Strage piazza Loggia, Tobagi: «Finalmente finisce l’impunità»

Benedetta Tobagi, scrittrice, giornalista, esperta di terrorismo e figlia del giornalista Walter ucciso nel 1980 da un commando di estrema sinistra, proprio il 28 maggio, legge la sentenza in un contesto di un cambio di passo dello Stato.
Cosa significa questa sentenza secondo lei nel contesto della storia del terrorismo in Italia?
«Si inquadra, come le altre importanti condanne intervenute negli ultimi anni nei processi le stragi di terrorismo di matrice neofascista, come momenti che hanno un grande valore storico.
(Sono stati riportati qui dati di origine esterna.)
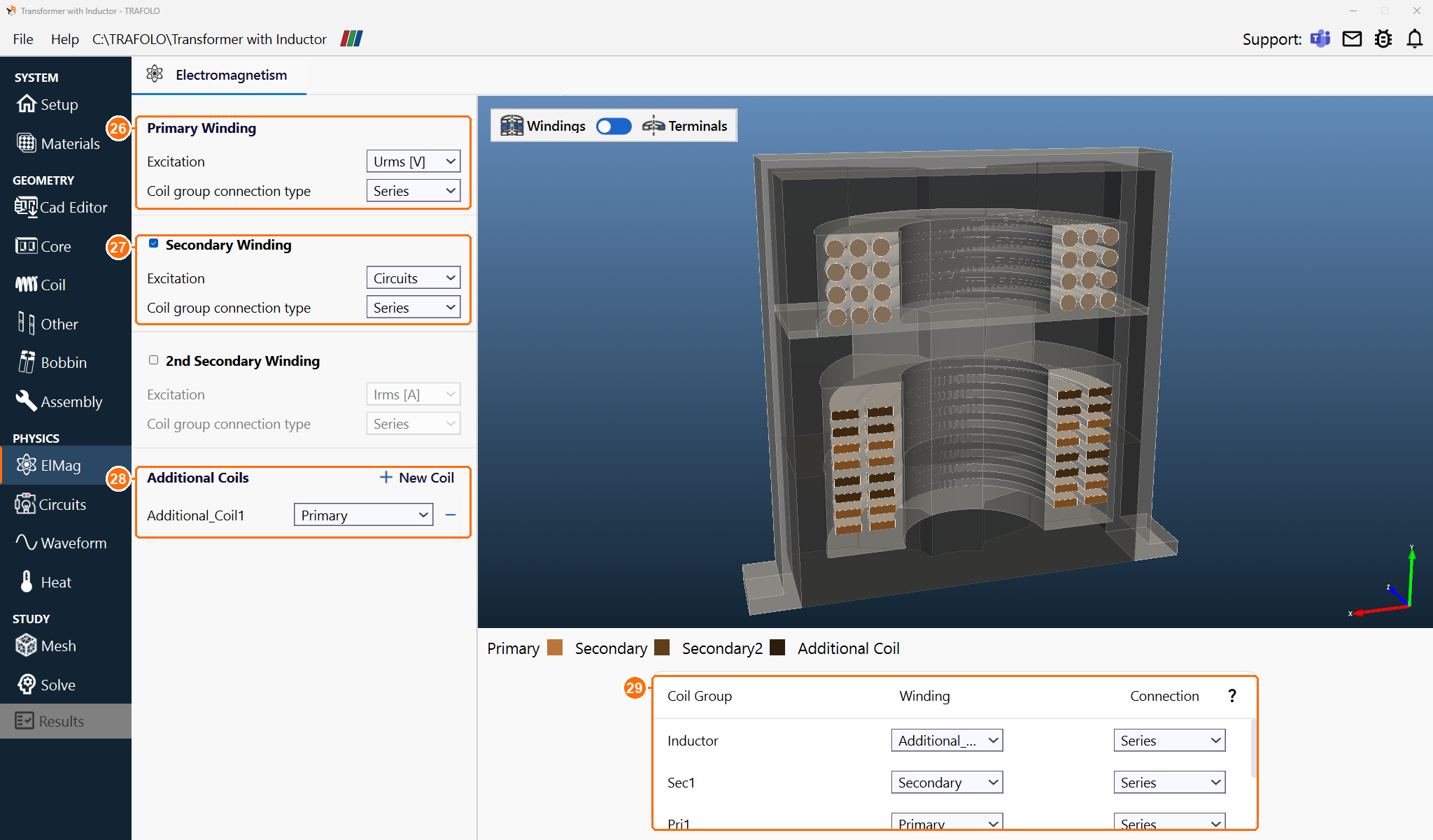 ElMag tab with the windings, Additional_Coil1 on Primary and the coil group table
Dobbiamo ricordarci che in queste stragi, anche nella strage di Brescia, purtroppo si è avuta una lunghissima stagione di impunità dovuta a depistaggi e coperture. Questa sentenza ci dice, ancora una volta, che è finita l’impunità. E rafforza un quadro di conoscenze che a lungo è stato negato ai cittadini».
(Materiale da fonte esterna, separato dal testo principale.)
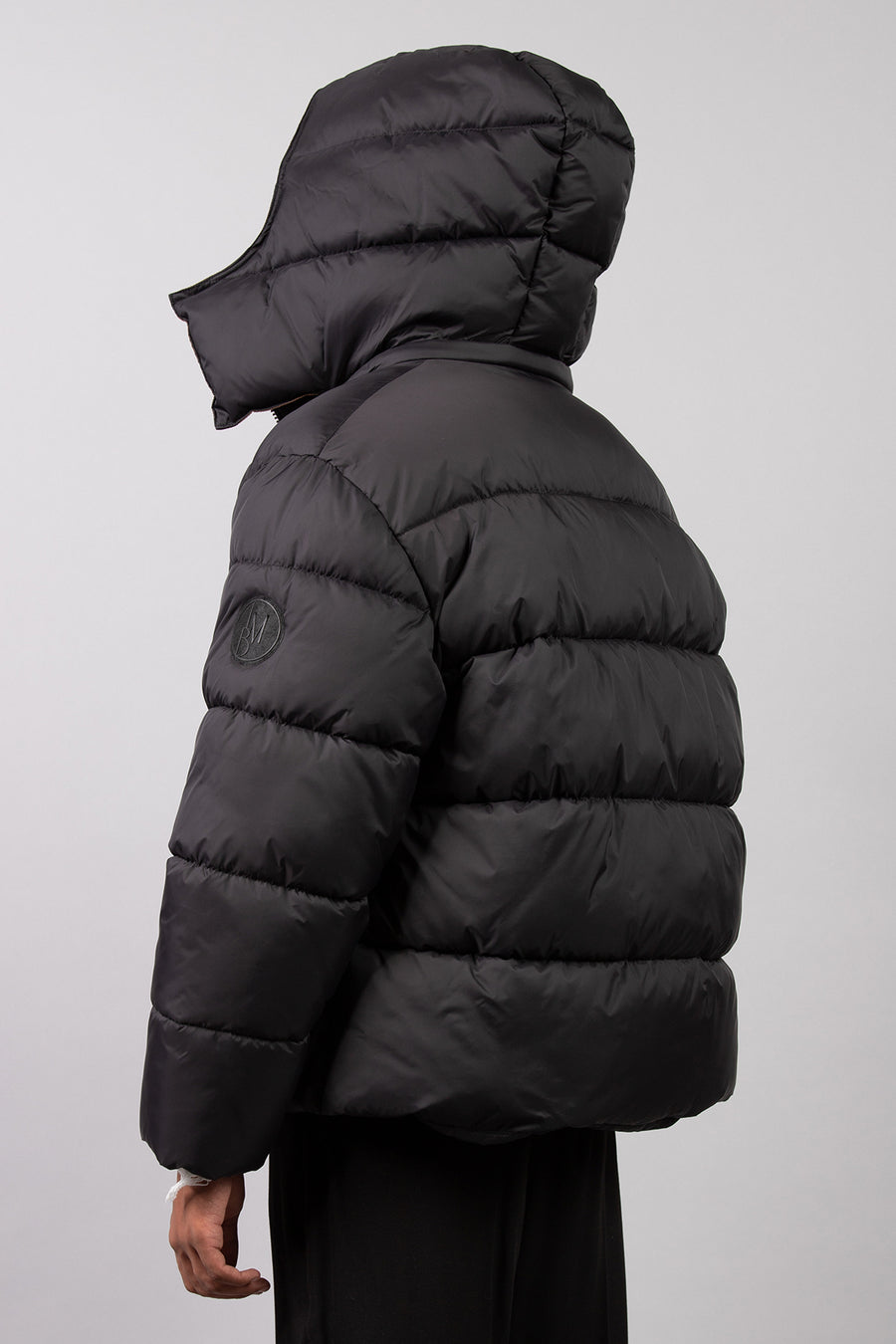 Oversized fit hooded down jacket - Black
Con questa sentenza una verità giudiziaria certifica quella che è già una verità storica. L'Italia ne ha bisogno?
«Questi non sono solo fatti storico. Sono reati imprescrittibili. Stiamo parlando di stragi di civili innocenti. La conoscenza è importante e deve essere valorizzata anche dove non ci sono le condanne perché riguarda importanti abusi di potere che sono stati compiuti sotto la forma dei depistaggi . Ma il fatto giudiziario è fondamentale perché il dato che la giustizia penale continui faticosamente a fare il suo corso è decisivo per ribadire che la legge è uguale per tutti. Questo ha un significato. E lo abbiamo visto con la condanna di Maggi, che era anziano e ammalato, che non c’è stato accanimento, non ha fatto un giorno di carcere. Non c’è vendetta».
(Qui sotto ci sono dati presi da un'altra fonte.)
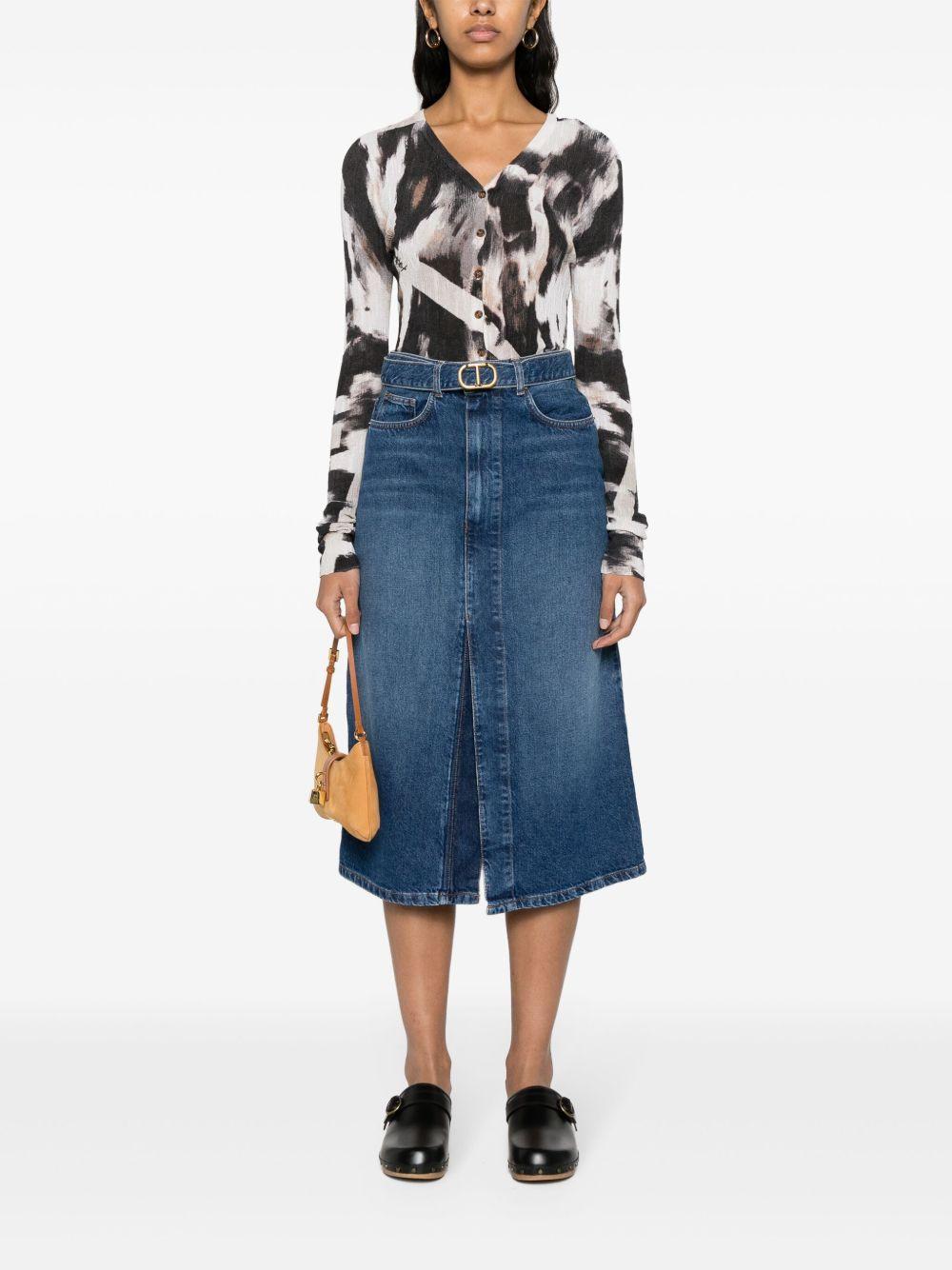 belted midi denim skirt Product Image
Come si legge una sentenza di condanna dopo quasi 51 anni in una Italia che è completamente cambiata?
«Questo pone delle domande. Io ho ben presente la città di Brescia raccolto attorno al presidente della Repubblica in occasione del 50esimo anniversario nel 2024. In quella circostanza non è venuta una parola dal mondo politico di destra rispetto al significato di una strage in cui era stato condannato Carlo Maria Maggi che oltre ad essere stato regista di Ordine Nuovo era stato candidato alle politiche del 1972. Sarebbe stato importante sentire una parola, non generica, ma specifica rispetto a questa ferita».
Per arrivare a questo risultato è stato determinante l'impegno costante dei familiari delle vittime. Era l'unica strada possibile?
«Le famiglie, insieme a tanti cittadini, si sono attivate in anni in cui il meccanismo dei depistaggi era ancora attivo in modo vigoroso. Bisogna ricordare che la pista di Ordine Nuovo avrebbe potuto essere presa dagli inquirenti già nell’agosto del 1974 se un generale non avesse mentito smentendo dei documenti che lui stesso aveva firmato. Io rispetto agli ultimi anni mi sento di dire che c’è stato un cambio di passo dello Stato.
Per Brescia abbiamo avuto un contributo della Cassazione che è stato determinante per arrivare alle condanne di Maggi e Tramonte, abbiamo avuto magistrati e operatori di polizia giudiziaria, che hanno dato contributi importantissimi. L’impegno di famiglie e cittadini è stato una costante, lo Stato, fortunatamente, ha mostrato a Brescia ma penso anche ai due processi di Bologna, che ci sono persone che hanno ritenuto che questa fosse una verità importante per tutti».